[Opening GIVEN RECORDS section]
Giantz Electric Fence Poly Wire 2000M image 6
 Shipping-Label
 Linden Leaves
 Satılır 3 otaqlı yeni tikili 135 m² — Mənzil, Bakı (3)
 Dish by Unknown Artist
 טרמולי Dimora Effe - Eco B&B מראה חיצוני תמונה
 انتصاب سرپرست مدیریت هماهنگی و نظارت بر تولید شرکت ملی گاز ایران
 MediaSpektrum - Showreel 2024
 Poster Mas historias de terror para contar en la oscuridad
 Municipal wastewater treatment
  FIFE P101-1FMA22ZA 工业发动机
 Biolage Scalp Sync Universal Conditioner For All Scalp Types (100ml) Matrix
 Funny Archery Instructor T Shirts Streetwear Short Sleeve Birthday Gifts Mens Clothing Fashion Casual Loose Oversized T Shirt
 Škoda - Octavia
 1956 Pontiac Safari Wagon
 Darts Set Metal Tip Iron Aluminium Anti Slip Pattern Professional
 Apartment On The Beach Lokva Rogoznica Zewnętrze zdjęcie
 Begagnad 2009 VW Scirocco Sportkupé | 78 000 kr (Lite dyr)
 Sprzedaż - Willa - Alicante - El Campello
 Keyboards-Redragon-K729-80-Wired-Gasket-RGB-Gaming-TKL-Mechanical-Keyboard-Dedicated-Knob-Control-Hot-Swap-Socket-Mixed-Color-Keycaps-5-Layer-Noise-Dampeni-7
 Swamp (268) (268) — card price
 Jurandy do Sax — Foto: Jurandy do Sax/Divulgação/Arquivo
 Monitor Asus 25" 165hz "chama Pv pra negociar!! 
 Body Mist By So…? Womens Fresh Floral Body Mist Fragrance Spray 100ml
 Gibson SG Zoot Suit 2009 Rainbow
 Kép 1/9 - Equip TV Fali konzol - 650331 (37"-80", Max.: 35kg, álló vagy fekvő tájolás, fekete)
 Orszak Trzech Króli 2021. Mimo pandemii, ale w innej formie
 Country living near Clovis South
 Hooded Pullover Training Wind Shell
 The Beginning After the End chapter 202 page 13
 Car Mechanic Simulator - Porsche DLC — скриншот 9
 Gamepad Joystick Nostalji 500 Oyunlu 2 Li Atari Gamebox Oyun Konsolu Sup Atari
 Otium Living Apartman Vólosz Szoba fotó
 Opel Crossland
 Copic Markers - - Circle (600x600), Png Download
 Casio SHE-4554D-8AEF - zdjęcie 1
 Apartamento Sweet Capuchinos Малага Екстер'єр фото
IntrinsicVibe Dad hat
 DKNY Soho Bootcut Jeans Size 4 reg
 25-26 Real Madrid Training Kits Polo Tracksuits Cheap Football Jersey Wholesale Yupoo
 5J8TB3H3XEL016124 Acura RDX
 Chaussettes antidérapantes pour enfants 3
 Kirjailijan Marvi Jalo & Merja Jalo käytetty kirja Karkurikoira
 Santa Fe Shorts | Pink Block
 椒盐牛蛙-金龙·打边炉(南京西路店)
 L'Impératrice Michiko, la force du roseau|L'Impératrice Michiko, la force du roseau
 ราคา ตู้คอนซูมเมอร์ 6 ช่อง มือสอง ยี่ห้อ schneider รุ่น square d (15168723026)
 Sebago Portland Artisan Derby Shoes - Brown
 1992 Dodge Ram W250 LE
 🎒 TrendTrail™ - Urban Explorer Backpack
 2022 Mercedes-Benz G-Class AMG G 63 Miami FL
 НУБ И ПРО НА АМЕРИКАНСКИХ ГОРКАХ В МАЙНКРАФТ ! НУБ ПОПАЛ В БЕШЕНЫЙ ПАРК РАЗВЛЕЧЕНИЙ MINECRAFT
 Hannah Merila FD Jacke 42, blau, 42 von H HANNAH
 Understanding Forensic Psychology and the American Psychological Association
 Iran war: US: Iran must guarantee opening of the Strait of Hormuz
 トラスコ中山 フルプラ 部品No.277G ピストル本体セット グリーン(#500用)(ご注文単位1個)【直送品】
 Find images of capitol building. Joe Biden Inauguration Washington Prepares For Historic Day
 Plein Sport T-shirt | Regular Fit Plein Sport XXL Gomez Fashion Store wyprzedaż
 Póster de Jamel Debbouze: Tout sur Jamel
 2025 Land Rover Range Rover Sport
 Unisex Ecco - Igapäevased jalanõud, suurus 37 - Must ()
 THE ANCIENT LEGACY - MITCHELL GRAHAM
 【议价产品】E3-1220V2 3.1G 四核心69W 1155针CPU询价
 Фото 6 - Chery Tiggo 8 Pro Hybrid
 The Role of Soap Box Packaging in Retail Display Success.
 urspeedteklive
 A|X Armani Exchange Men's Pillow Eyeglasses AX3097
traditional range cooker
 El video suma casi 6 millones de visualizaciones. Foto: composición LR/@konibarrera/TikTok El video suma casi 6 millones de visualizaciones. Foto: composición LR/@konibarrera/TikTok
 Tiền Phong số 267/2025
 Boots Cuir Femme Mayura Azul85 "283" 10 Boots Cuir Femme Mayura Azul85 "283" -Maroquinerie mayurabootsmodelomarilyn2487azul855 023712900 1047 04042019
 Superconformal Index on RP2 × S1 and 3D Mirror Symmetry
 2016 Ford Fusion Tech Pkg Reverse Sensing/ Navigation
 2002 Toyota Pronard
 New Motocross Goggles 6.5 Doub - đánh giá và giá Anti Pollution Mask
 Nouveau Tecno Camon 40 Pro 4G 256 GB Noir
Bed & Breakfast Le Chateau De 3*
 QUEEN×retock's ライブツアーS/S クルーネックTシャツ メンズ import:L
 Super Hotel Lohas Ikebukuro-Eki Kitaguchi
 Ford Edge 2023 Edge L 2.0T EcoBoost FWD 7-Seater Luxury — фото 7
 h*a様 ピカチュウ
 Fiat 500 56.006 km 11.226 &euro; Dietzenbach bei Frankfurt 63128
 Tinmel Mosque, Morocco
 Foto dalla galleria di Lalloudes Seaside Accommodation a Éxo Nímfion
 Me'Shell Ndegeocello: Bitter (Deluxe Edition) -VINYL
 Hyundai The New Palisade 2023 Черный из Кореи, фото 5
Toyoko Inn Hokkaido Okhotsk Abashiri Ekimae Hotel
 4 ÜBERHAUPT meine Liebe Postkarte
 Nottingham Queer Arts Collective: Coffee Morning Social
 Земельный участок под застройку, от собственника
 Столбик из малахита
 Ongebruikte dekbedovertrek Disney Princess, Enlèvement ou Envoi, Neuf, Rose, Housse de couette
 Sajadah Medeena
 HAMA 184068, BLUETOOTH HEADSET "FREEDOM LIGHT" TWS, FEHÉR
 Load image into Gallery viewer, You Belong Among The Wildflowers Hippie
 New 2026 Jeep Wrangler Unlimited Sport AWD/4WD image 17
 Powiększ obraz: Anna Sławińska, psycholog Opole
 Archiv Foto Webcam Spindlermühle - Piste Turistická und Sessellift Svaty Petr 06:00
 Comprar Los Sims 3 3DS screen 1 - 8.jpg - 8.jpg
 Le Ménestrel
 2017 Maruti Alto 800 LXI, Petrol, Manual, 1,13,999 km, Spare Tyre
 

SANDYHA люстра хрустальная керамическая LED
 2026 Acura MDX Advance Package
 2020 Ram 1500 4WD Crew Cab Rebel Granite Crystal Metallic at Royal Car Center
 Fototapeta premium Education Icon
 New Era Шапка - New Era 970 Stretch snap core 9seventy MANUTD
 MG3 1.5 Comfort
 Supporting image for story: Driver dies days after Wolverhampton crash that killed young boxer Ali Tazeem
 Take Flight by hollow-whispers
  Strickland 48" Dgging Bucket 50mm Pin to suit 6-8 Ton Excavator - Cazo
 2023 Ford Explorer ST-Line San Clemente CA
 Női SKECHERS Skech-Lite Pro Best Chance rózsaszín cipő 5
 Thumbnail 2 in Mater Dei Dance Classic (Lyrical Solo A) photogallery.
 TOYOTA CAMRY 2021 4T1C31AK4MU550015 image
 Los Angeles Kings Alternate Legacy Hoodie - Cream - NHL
[Closing GIVEN RECORDS section]
WORK REQUIRED → Look through the entries above and quote exactly the lines from the line with "urspeedteklive" to the line with "traditional range cooker", counting both of those lines.

EXPECTED ANSWER →
 urspeedteklive
 A|X Armani Exchange Men's Pillow Eyeglasses AX3097
traditional range cooker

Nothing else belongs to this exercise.